──────── Input

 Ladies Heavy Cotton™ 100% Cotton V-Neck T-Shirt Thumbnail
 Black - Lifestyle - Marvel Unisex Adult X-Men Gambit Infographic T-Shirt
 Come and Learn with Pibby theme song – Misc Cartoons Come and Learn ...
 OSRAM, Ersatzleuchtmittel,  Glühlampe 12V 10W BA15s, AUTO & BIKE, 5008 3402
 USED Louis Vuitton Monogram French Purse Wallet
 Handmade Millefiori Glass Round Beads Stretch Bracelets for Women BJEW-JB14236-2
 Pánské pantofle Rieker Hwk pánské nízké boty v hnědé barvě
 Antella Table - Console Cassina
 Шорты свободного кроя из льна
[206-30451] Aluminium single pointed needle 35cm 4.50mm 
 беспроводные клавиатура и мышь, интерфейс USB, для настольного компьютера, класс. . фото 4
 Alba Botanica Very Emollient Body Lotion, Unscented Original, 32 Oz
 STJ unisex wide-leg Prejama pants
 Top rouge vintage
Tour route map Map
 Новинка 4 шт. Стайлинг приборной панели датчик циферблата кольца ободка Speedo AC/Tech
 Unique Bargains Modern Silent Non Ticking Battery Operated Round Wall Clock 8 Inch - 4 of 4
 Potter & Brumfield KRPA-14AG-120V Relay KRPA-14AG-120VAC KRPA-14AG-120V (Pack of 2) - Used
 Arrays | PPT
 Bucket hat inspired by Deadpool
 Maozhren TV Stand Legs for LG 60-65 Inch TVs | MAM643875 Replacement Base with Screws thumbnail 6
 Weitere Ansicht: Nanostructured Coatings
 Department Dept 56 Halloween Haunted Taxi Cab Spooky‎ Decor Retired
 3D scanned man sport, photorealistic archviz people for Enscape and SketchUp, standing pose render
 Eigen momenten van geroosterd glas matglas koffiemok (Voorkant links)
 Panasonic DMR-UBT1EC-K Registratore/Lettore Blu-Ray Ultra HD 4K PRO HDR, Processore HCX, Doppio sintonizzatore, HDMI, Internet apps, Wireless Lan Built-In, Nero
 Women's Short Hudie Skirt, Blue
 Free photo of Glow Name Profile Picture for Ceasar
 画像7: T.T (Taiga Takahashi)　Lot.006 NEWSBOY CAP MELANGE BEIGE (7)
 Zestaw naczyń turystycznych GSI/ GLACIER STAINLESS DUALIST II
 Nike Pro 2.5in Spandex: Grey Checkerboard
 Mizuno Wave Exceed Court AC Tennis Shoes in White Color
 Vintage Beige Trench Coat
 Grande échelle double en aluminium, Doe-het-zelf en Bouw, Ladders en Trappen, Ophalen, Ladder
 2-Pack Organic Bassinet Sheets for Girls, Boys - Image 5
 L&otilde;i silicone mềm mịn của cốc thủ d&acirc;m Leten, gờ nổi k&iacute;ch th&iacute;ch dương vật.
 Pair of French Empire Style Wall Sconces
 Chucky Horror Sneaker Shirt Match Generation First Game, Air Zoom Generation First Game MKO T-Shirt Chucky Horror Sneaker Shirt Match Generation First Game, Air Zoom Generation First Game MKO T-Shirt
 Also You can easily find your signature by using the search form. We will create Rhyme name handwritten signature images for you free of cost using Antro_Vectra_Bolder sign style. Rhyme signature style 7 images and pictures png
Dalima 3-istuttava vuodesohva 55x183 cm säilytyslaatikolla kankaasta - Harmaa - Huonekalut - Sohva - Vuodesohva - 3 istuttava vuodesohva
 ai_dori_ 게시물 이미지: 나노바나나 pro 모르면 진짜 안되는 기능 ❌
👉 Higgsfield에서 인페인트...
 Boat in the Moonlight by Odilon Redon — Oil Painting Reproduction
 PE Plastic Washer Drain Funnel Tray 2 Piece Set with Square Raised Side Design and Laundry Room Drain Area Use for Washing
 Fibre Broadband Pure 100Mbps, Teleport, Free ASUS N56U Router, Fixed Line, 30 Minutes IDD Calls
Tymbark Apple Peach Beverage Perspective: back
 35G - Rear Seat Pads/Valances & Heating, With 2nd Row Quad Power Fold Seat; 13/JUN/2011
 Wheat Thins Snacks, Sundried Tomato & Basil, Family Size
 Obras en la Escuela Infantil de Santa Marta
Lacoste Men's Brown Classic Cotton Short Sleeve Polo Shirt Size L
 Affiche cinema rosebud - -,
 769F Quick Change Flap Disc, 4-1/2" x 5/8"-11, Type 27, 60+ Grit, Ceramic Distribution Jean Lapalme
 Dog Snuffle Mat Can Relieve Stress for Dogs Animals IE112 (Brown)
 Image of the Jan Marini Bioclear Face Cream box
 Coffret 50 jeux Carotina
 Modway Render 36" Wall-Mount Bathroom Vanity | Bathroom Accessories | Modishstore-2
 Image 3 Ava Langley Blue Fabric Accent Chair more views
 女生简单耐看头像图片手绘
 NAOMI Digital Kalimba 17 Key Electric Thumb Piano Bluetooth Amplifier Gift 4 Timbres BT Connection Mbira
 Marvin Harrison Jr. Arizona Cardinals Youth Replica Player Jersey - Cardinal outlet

────────────────

▸ Required action: All of the data above should be transcribed exactly.

▸ Solution:
 Ladies Heavy Cotton™ 100% Cotton V-Neck T-Shirt Thumbnail
 Black - Lifestyle - Marvel Unisex Adult X-Men Gambit Infographic T-Shirt
 Come and Learn with Pibby theme song – Misc Cartoons Come and Learn ...
 OSRAM, Ersatzleuchtmittel,  Glühlampe 12V 10W BA15s, AUTO & BIKE, 5008 3402
 USED Louis Vuitton Monogram French Purse Wallet
 Handmade Millefiori Glass Round Beads Stretch Bracelets for Women BJEW-JB14236-2
 Pánské pantofle Rieker Hwk pánské nízké boty v hnědé barvě
 Antella Table - Console Cassina
 Шорты свободного кроя из льна
[206-30451] Aluminium single pointed needle 35cm 4.50mm 
 беспроводные клавиатура и мышь, интерфейс USB, для настольного компьютера, класс. . фото 4
 Alba Botanica Very Emollient Body Lotion, Unscented Original, 32 Oz
 STJ unisex wide-leg Prejama pants
 Top rouge vintage
Tour route map Map
 Новинка 4 шт. Стайлинг приборной панели датчик циферблата кольца ободка Speedo AC/Tech
 Unique Bargains Modern Silent Non Ticking Battery Operated Round Wall Clock 8 Inch - 4 of 4
 Potter & Brumfield KRPA-14AG-120V Relay KRPA-14AG-120VAC KRPA-14AG-120V (Pack of 2) - Used
 Arrays | PPT
 Bucket hat inspired by Deadpool
 Maozhren TV Stand Legs for LG 60-65 Inch TVs | MAM643875 Replacement Base with Screws thumbnail 6
 Weitere Ansicht: Nanostructured Coatings
 Department Dept 56 Halloween Haunted Taxi Cab Spooky‎ Decor Retired
 3D scanned man sport, photorealistic archviz people for Enscape and SketchUp, standing pose render
 Eigen momenten van geroosterd glas matglas koffiemok (Voorkant links)
 Panasonic DMR-UBT1EC-K Registratore/Lettore Blu-Ray Ultra HD 4K PRO HDR, Processore HCX, Doppio sintonizzatore, HDMI, Internet apps, Wireless Lan Built-In, Nero
 Women's Short Hudie Skirt, Blue
 Free photo of Glow Name Profile Picture for Ceasar
 画像7: T.T (Taiga Takahashi)　Lot.006 NEWSBOY CAP MELANGE BEIGE (7)
 Zestaw naczyń turystycznych GSI/ GLACIER STAINLESS DUALIST II
 Nike Pro 2.5in Spandex: Grey Checkerboard
 Mizuno Wave Exceed Court AC Tennis Shoes in White Color
 Vintage Beige Trench Coat
 Grande échelle double en aluminium, Doe-het-zelf en Bouw, Ladders en Trappen, Ophalen, Ladder
 2-Pack Organic Bassinet Sheets for Girls, Boys - Image 5
 L&otilde;i silicone mềm mịn của cốc thủ d&acirc;m Leten, gờ nổi k&iacute;ch th&iacute;ch dương vật.
 Pair of French Empire Style Wall Sconces
 Chucky Horror Sneaker Shirt Match Generation First Game, Air Zoom Generation First Game MKO T-Shirt Chucky Horror Sneaker Shirt Match Generation First Game, Air Zoom Generation First Game MKO T-Shirt
 Also You can easily find your signature by using the search form. We will create Rhyme name handwritten signature images for you free of cost using Antro_Vectra_Bolder sign style. Rhyme signature style 7 images and pictures png
Dalima 3-istuttava vuodesohva 55x183 cm säilytyslaatikolla kankaasta - Harmaa - Huonekalut - Sohva - Vuodesohva - 3 istuttava vuodesohva
 ai_dori_ 게시물 이미지: 나노바나나 pro 모르면 진짜 안되는 기능 ❌
👉 Higgsfield에서 인페인트...
 Boat in the Moonlight by Odilon Redon — Oil Painting Reproduction
 PE Plastic Washer Drain Funnel Tray 2 Piece Set with Square Raised Side Design and Laundry Room Drain Area Use for Washing
 Fibre Broadband Pure 100Mbps, Teleport, Free ASUS N56U Router, Fixed Line, 30 Minutes IDD Calls
Tymbark Apple Peach Beverage Perspective: back
 35G - Rear Seat Pads/Valances & Heating, With 2nd Row Quad Power Fold Seat; 13/JUN/2011
 Wheat Thins Snacks, Sundried Tomato & Basil, Family Size
 Obras en la Escuela Infantil de Santa Marta
Lacoste Men's Brown Classic Cotton Short Sleeve Polo Shirt Size L
 Affiche cinema rosebud - -,
 769F Quick Change Flap Disc, 4-1/2" x 5/8"-11, Type 27, 60+ Grit, Ceramic Distribution Jean Lapalme
 Dog Snuffle Mat Can Relieve Stress for Dogs Animals IE112 (Brown)
 Image of the Jan Marini Bioclear Face Cream box
 Coffret 50 jeux Carotina
 Modway Render 36" Wall-Mount Bathroom Vanity | Bathroom Accessories | Modishstore-2
 Image 3 Ava Langley Blue Fabric Accent Chair more views
 女生简单耐看头像图片手绘
 NAOMI Digital Kalimba 17 Key Electric Thumb Piano Bluetooth Amplifier Gift 4 Timbres BT Connection Mbira
 Marvin Harrison Jr. Arizona Cardinals Youth Replica Player Jersey - Cardinal outlet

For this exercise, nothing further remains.